Every morning, I take an hour-long walk around my town. I live in Los Gatos, a quaint, fairly small town at the southern-most end of the Silicon Valley. Los Gatos has an old fashioned Main Street. It is not called Main Street (ironically there is a street called Main Street, but it is not, in fact, the main street). Small shops line either side of the street. Most are small, individually-owned businesses. Though the town does boast a fairly busy Apple store and the entire family of Gap/Banana Republic chain stores.

It is 2011 and, theoretically, the worst of the great recession is behind us. At least, that’s what they keep telling me in the newspapers and on TV. People are returning to work. Companies are boasting high profits. Some have returned to giving out shamefully high bonuses to often undeserving executives. The good times are back, they say!

But as I walk down main street, I see empty shops. More and more empty shops. Not just the recently-shuttered Borders Books (which was, perhaps, the largest store in all of Los Gatos). But lots of the smaller Mom & Pop shops. More and more stores that had been in town for 15 or even 20 years are having to close their doors. Old staples that we came to rely on are now gone. Not able to compete. Not able to pay the rent. Shops are empty. Sure, a couple of new ventures are coming in – but I can already predict that they, too, will be gone within a year.

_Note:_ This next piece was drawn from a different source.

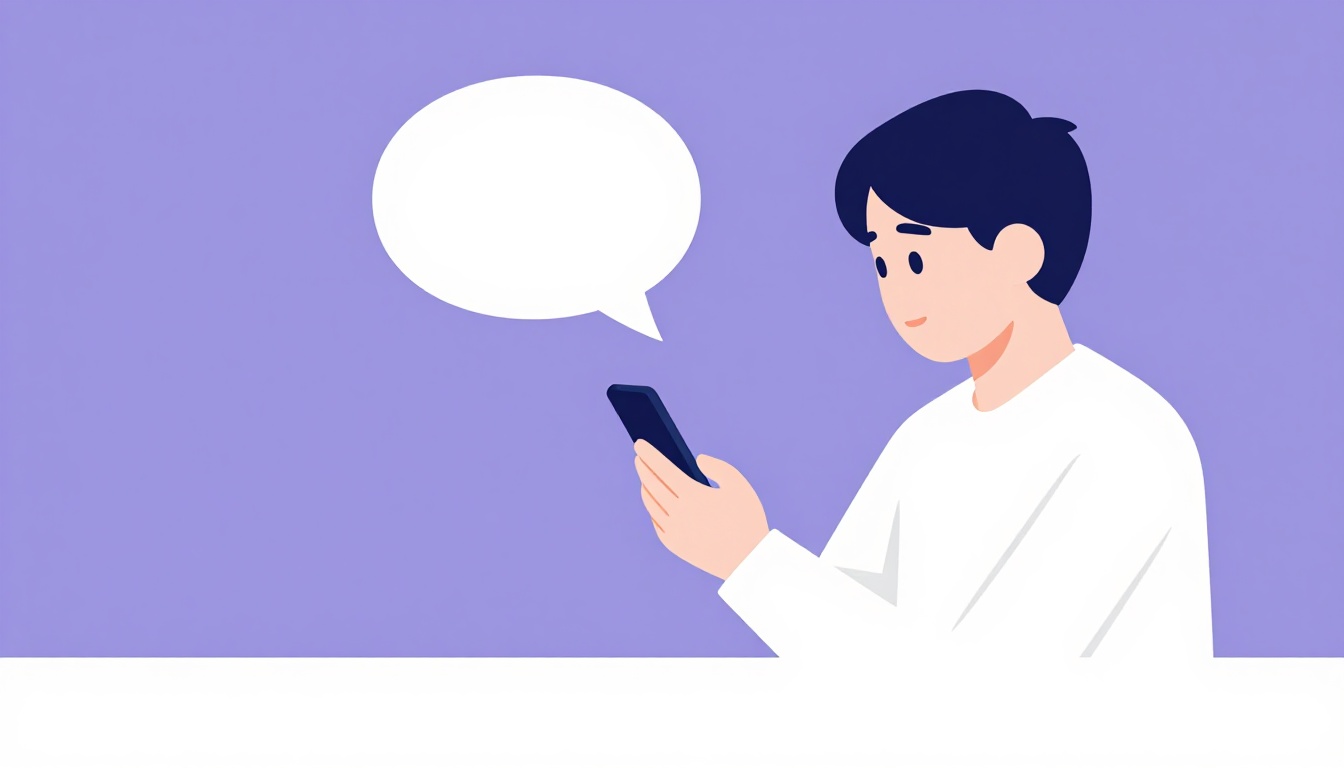 Pessoa sentada sozinha praticando conversa em ingles em frente ao celular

I know that I’m not telling any tales of woe that haven’t been repeated everywhere in the country and in many places around the world. But watching the continued struggle of the shop owners in my own small town makes me remember that we really aren’t out of this yet. The job numbers may be up, but here in Los Gatos, jobs are being lost as the shop owners are forced to leave or go out of business permanently.

And I am sad. Every time I see another empty storefront, it makes me even more sad.